TEATRO DE SOMBRAS

Pedro Camacho reprende a Mario Vargas Llosa

Guillermo Hurtado. *Esta columna expresa el punto de vista de su autor, no necesariamente de La Razón. Foto: La Razón de México

Cuando publicó La tía Julia y el escribidor, en 1977, Mario Vargas Llosa ya era un escritor con un sólido reconocimiento internacional. Antes había publicado La ciudad y los perros, en 1962, La casa verde, en 1965, Conversación en La Catedral, en 1970, y Pantaleón y las visitadoras, en 1973. Algunos opinan que La tía Julia y el escribidor es una novela menor dentro de la vasta producción vargasllosiana, sin embargo, sigue teniendo la misma fuerza, ironía y agilidad que el día que salió de la imprenta.

No es la tía Julia el personaje principal de la novela. Esa tía Julia que no es, además, un personaje ficticio, sino Julia Urquidi, la primera esposa de Mario Vargas Llosa y que, exactamente como lo cuenta la novela, era su tía política y, además, diez años mayor que él. Tampoco es Varguitas, el muchacho que narra la novela en primera persona y que corresponde, también exactamente, con el propio Mario Vargas Llosa, estudiante de derecho, aprendiz de escritor y redactor de una estación de radio en Lima. El personaje principal es Pedro Camacho, autor, director y actor boliviano de radionovelas. Este personaje también está inspirado en una persona de carne y hueso: Raúl Salmón, boliviano, nacido en 1926 y fallecido en 1990 y que, como el Pedro Camacho de la novela de Vargas Llosa, fue un exitoso escritor de radionovelas, obras de teatro, periodista e incluso alcalde de La Paz, capital de su país natal.
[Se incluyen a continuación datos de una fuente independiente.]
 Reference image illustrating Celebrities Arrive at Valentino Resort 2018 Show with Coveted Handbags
El escritor Mario Vargas Llosa en la Ciudad de México, en imagen de archivo. ı Foto: Cuartoscuro

Vargas Llosa nos describe a Pedro Camacho con una mezcla de desprecio y de admiración, de simpatía y de hartazgo, de incredulidad y de previsibilidad. La novela trae una sorpresa que el lector descubre cuando ya ha leído más de cien páginas. Los capítulos del libro están intercalados entre aquéllos en los que el narrador es Varguitas, que cuenta la historia de su relación sentimental con la tía Julia y de su trabajo en la estación de radio, y otros capítulos, escritos en tercera persona, en los que se presentan, en la forma de narraciones independientes, algunas de las historias de las radionovelas de la autoría de Pedro Camacho. Este contraste entre los capítulos le da a la novela un contrapunto literario que se disfruta mucho a todo lo largo de la lectura. Mientras más conocemos las extravagancias de Pedro Camacho, mejor entendemos las historias de sus radionovelas y nos causan más gracia. El mérito, por supuesto, es de Vargas Llosa, que enhebra con maestría las dos secuencias narrativas para capturar el interés del lector.
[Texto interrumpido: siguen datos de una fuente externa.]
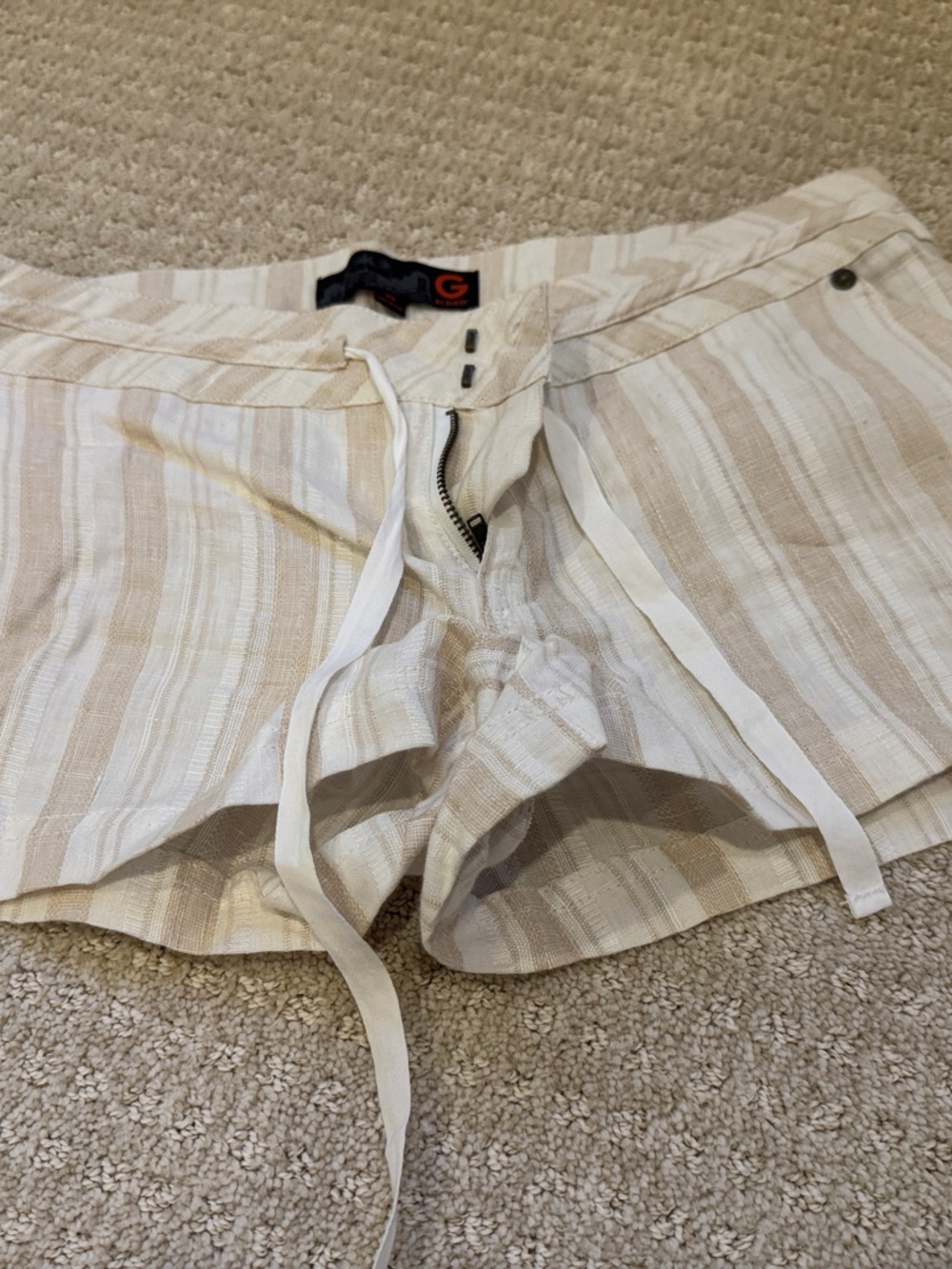 G by Guess Beige and Cream Striped High-Waist Shorts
Pedro Camacho es un personaje universal: es el hombre pequeño que por medio de un talento desbordante y una disciplina férrea logra convertirse en un artista. El precio que paga es enorme: la soledad, la incomprensión, el ridículo. Pedro Camacho es también un personaje profundamente latinoamericano. Es boliviano, pero pudo haber sido mexicano o cubano o colombiano. Es un creador de la periferia que tiene que hacer lo imposible para vivir como el artista pleno que él desea ser, por encima de las rígidas estructuras sociales, del injusto sistema de méritos, de las reglas mezquinas de la intelectualidad criolla. Hay algo admirable en Pedro Camacho, pero, a decir verdad, ningún escritor latinoamericano querría ser como él. Lo que desea cualquier escritor latinoamericano, del siglo pasado e incluso de éste, es ser como Vargas Llosa. De todos los escritores del boom, fue él quien llegó más alto por lo que toca a las glorias mundanas. Las alcanzó todas.

El personaje de Pedro Camacho seguramente hubiera dicho que, para lograr tantos triunfos, Vargas Llosa vendió su alma al diablo. Podemos suponer que el boliviano jamás hubiera hecho las concesiones que hizo Vargas Llosa para recibir un marquesado, para tener una esposa del jet set, para querer ser jefe de Estado, para ser un portavoz de los intereses de los poderosos. Me imagino que Pedro Camacho hubiera reprendido al célebre Vargas Llosa, al que había conocido de muchacho, cuando aún era el imberbe Varguitas. Para Pedro Camacho valía la pena vivir sin esposa, en una sucia buhardilla, sin apenas que comer, con tal de ser un artista absoluto, íntegro, insumiso. Todo lo demás, hubiera dicho, son distracciones, vanidades. Pero, bueno, ¿quién le hace caso a Pedro Camacho?